WHY aren’t Labour, the SNP and the LibDems grabbing the opportunity to get rid of Boris Johnson at a snap election next month?

It’s been what they’ve been calling for isn’t it? Well, yes and no.

If you believe Boris Johnson and Jacob Rees-Mogg, Labour and the SNP are “frit”, “chicken” or, as the SNP’s Pete Wishart was accused of being, a “tim’rous beastie”.

The Government’s message is Labour in particular do not want an election on 15 October because they are afraid the Tories would win.

With Jeremy Corbyn’s party eight points behind the Conservatives in the most recent opinion polls, Johnson’s point may appear to have a ring of truth.

The National: Labour leader Jeremy Corbyn

His point was seized on by Tory-supporting London-based newspapers with references to chicken and Corbyn dominating their front pages on Thursday following Labour, the SNP and the LibDems’ decision to abstain on the election motion the previous night.

But throughout the week, the opposition parties have been making their cases against a snap election - though at some points their messages weren’t all that clear.

READ MORE: SNP join alliance to block Boris Johnson's snap election plot

By yesterday, their arguments had been firmed up. Yes, they say, they would relish the prospect of kicking Johnson out of Number 10 with Nicola Sturgeon alluding to opinion polls pointing to huge SNP gains at any imminent poll.

However, they believe they are acting in the public interest to avoid a No-Deal Brexit at Halloween.

They say they don’t want the UK to go to the polls on October 15 because such a date could play into Johnson’s hands.

This is because under the Fixed Term Parliaments Act, although parliament has to agree to an election, the Prime Minister has the power to set the date.

Labour, the SNP and the LibDems say they don’t trust the PM to hold the election on October 15 as he could switch the date to early November, forcing the UK to crash out of the EU on October 31 – the current Brexit deadline. In the lead up, MPs would be powerless to stop No Deal because Parliament would have been dissolved for the election campaign.

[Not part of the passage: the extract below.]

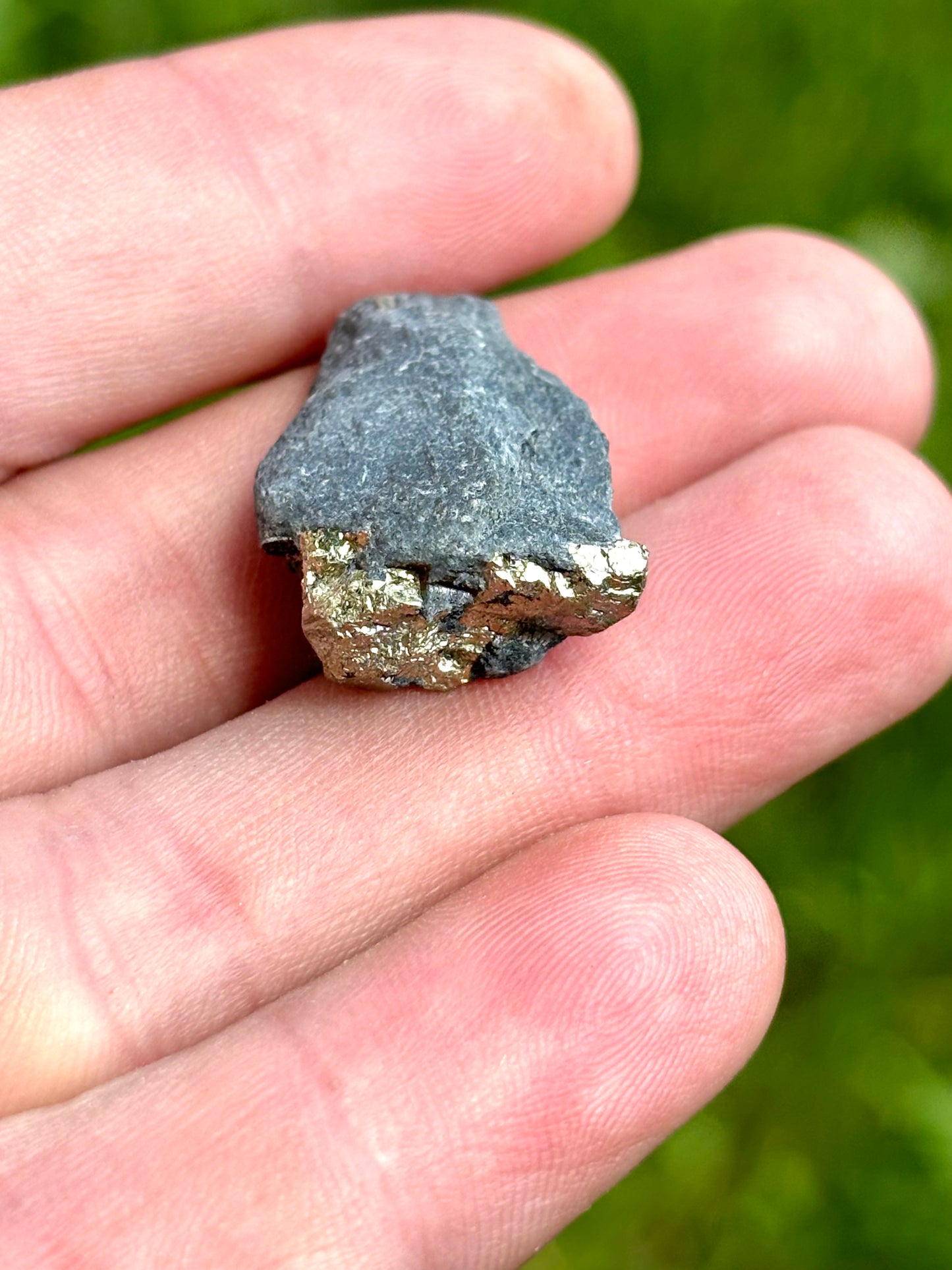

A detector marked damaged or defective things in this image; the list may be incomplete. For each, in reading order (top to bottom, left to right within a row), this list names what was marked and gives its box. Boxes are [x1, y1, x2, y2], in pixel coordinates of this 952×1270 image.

rusty iron oxide staining [302, 527, 651, 691]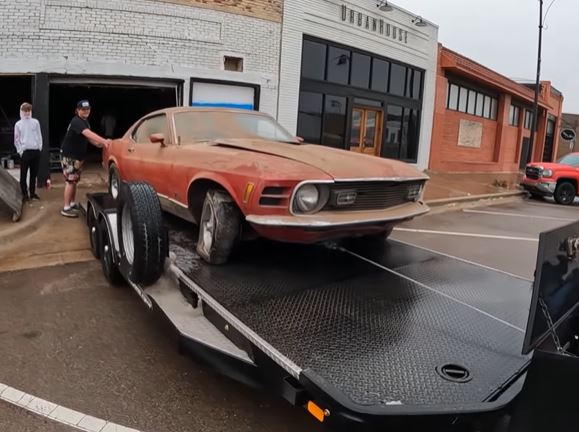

The National: Boris Johnson

The backdrop to the opposition’s arguments is that Johnson has created a massive predicament for himself.

He has repeatedly promised that the UK will leave the EU “do or die” on 31 October.

But the EU are refusing a new deal and, in his game of chicken, they are unlikely to blink first.

Meanwhile, Parliament has demanded Johnson seeks a Brexit extension. He has said he won’t ask for one. He has few clear routes out of the impasse and, as he sees it, an election would solve his problems.

He believes he could win by forming a pact with Nigel Farage’s Brexit Party, crash the UK out of the EU and avoid seeking that extension he would rather be “dead in a ditch” than ask for.